:: DIRECTIONS ::
Copy the listing below letter for letter, passing over each picture.

*** DATA Section Begins ***

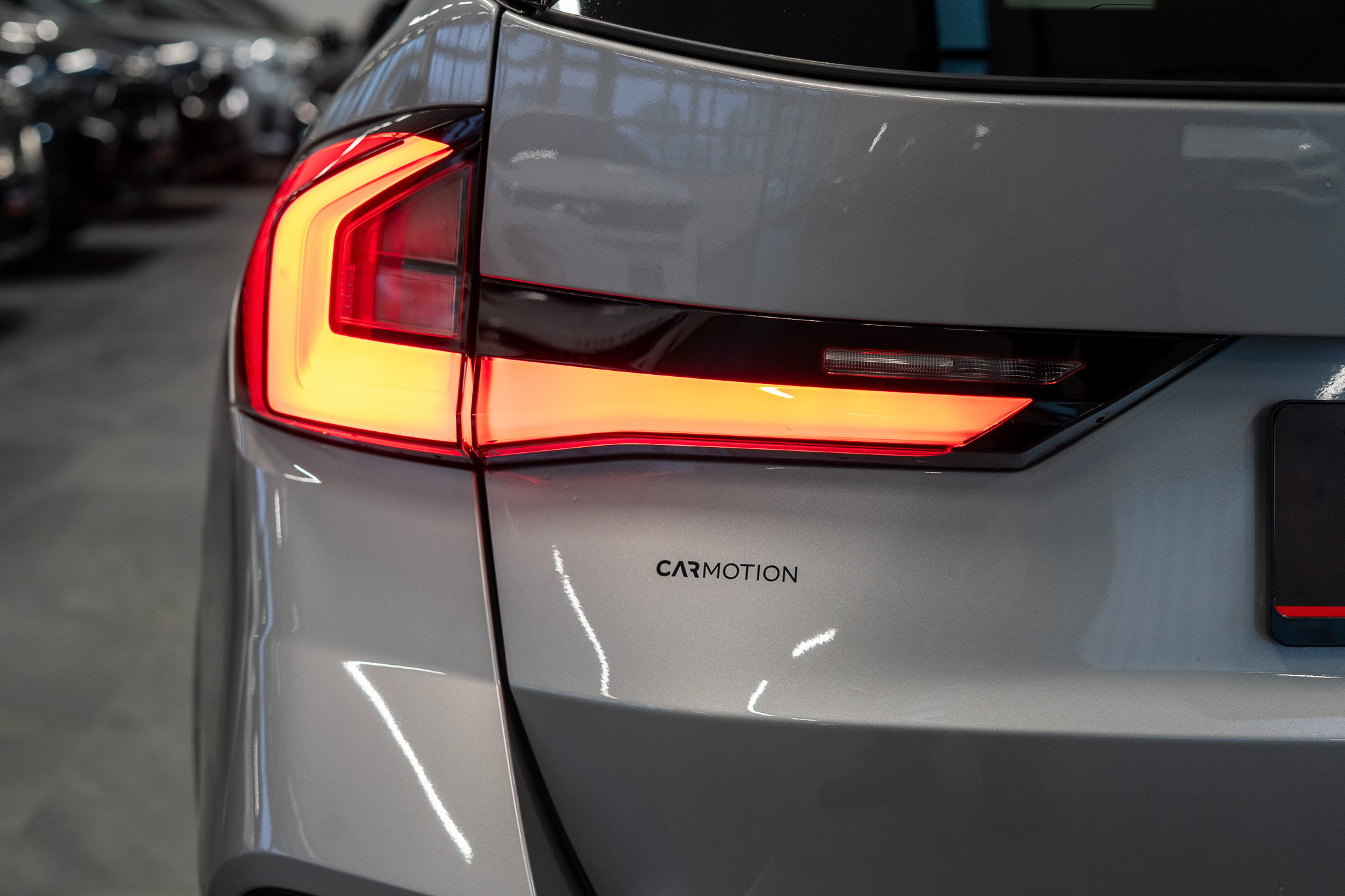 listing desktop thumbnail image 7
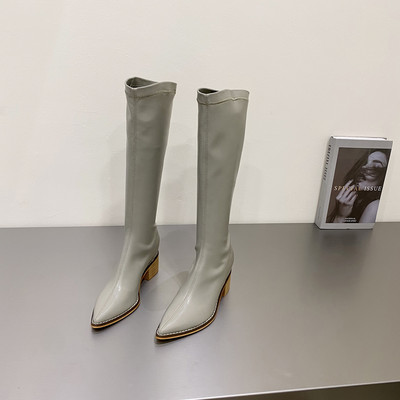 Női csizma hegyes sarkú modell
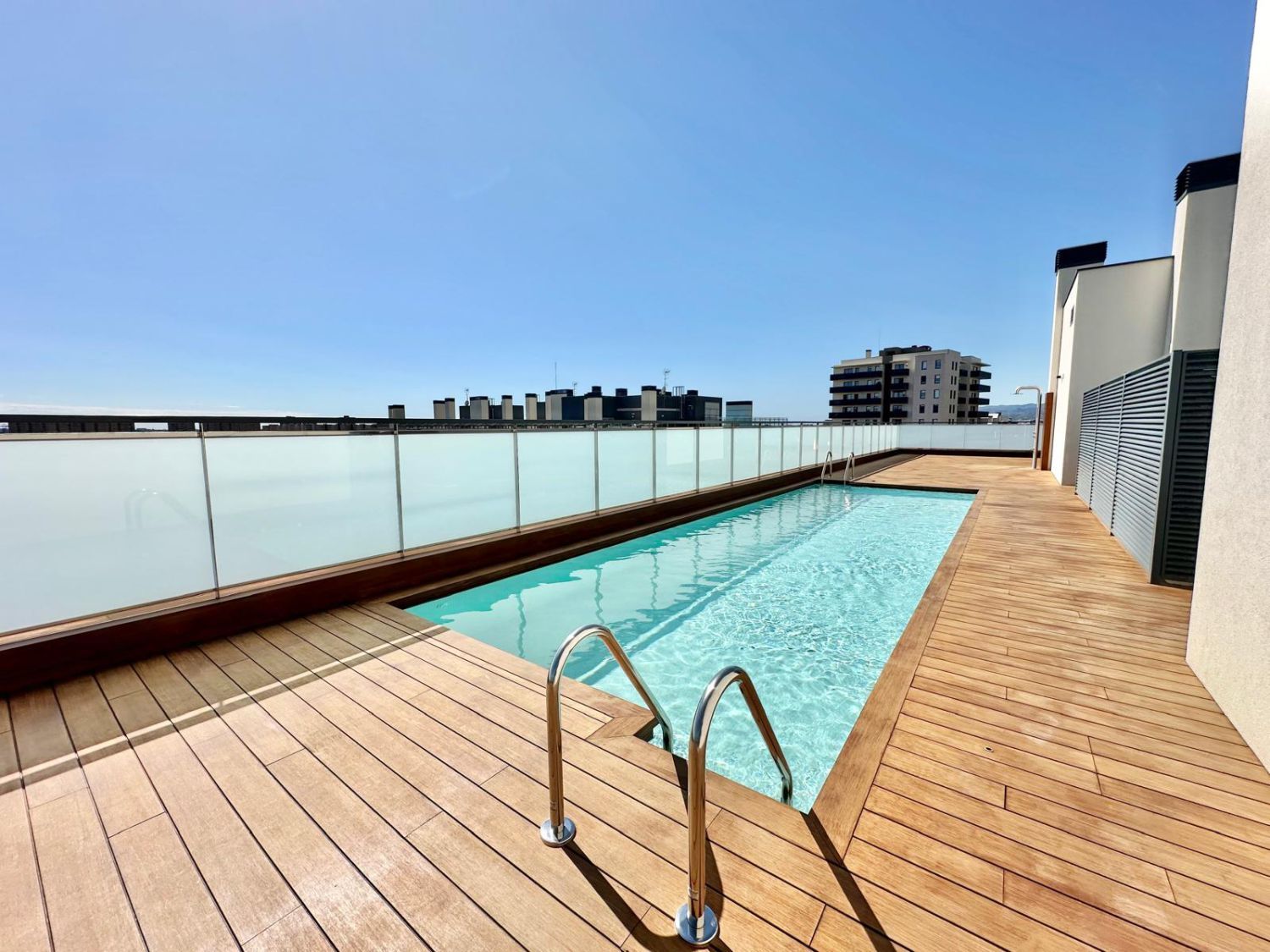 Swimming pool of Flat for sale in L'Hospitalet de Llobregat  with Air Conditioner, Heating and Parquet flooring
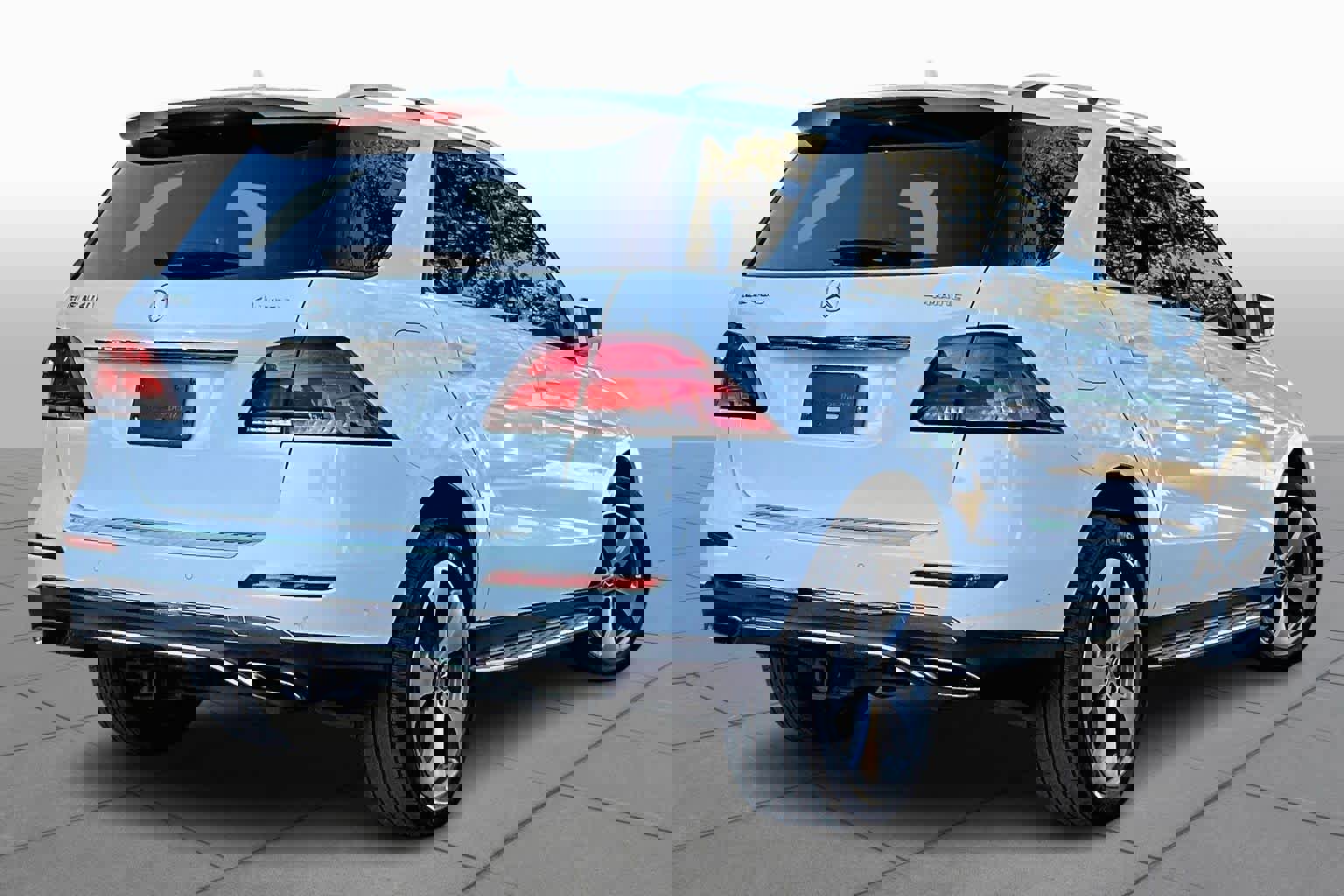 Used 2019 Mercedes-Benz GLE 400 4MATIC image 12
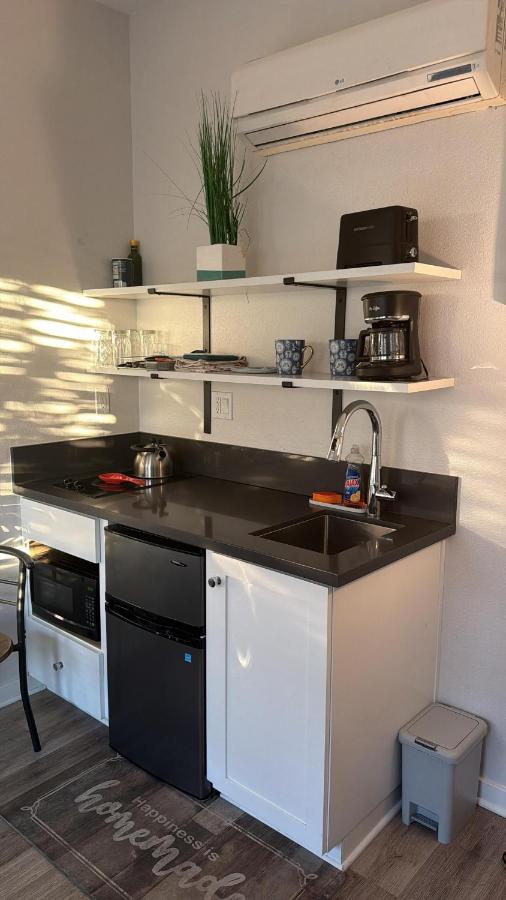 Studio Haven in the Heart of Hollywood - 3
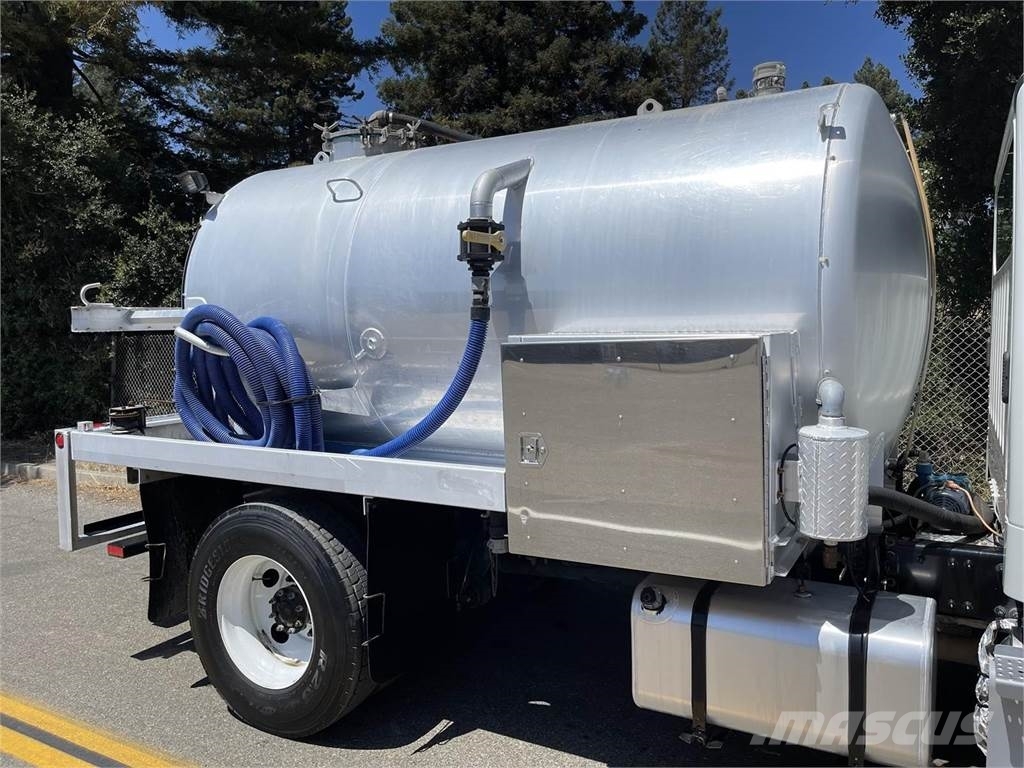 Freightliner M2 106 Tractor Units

*** DATA Section Ends ***

:: ANSWER FOR THE TASK ::
 listing desktop thumbnail image 7
 Női csizma hegyes sarkú modell
 Swimming pool of Flat for sale in L'Hospitalet de Llobregat  with Air Conditioner, Heating and Parquet flooring
 Used 2019 Mercedes-Benz GLE 400 4MATIC image 12
 Studio Haven in the Heart of Hollywood - 3
 Freightliner M2 106 Tractor Units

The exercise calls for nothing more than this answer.